Openness to Experience also contributes, particularly in subjects that reward curiosity and independent thinking. But the sheer grinding consistency that Conscientiousness provides, turning up, doing the reading, meeting deadlines, appears to matter more than raw intellectual curiosity for grades.
3. Relationship Satisfaction
Low Neuroticism and high Agreeableness in both partners predict relationship satisfaction across studies (Malouff et al., 2010). This finding holds for dating relationships, marriages, and long-term partnerships.
The mechanism isn't mysterious. People who experience less negative emotion (low Neuroticism) have fewer emotional storms for their partner to weather. People who are warm, trusting, and cooperative (high Agreeableness) create less friction in daily interactions.
Interestingly, your partner's personality predicts your relationship satisfaction about as strongly as your own does. You can't control your own Neuroticism in isolation because your partner's emotional patterns shape your daily experience just as much.
4. Income and Career Advancement
Higher Conscientiousness, higher Extraversion, and lower Agreeableness all independently predict higher income (Judge, Higgins, Thoresen, & Barrick, 1999).
The Conscientiousness finding is straightforward: disciplined people tend to get promoted. The Extraversion finding reflects the advantage of assertiveness and social confidence in workplace negotiations and visibility.

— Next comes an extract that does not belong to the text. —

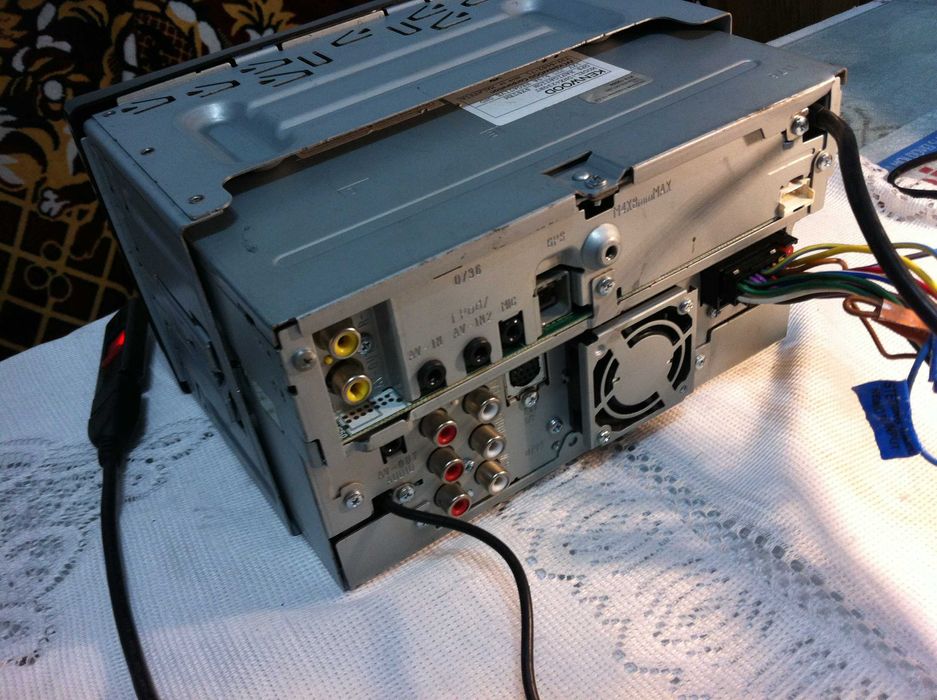 Kenwood DNX4230BT DVD/Pioneer AVH-2400BTDVD/Alpine INE W990BT(statie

The Agreeableness finding is more uncomfortable. People who are less concerned with being liked, who negotiate harder, and who prioritize their own interests tend to earn more. This doesn't mean agreeable people are failing. It means the labor market rewards assertiveness in ways that map onto the Agreeableness scale.
5. Physical Health and Longevity
Conscientiousness predicts longevity. A landmark study followed 1,528 gifted children for over 70 years and found that childhood Conscientiousness was the best personality predictor of how long they lived (Friedman et al., 1993).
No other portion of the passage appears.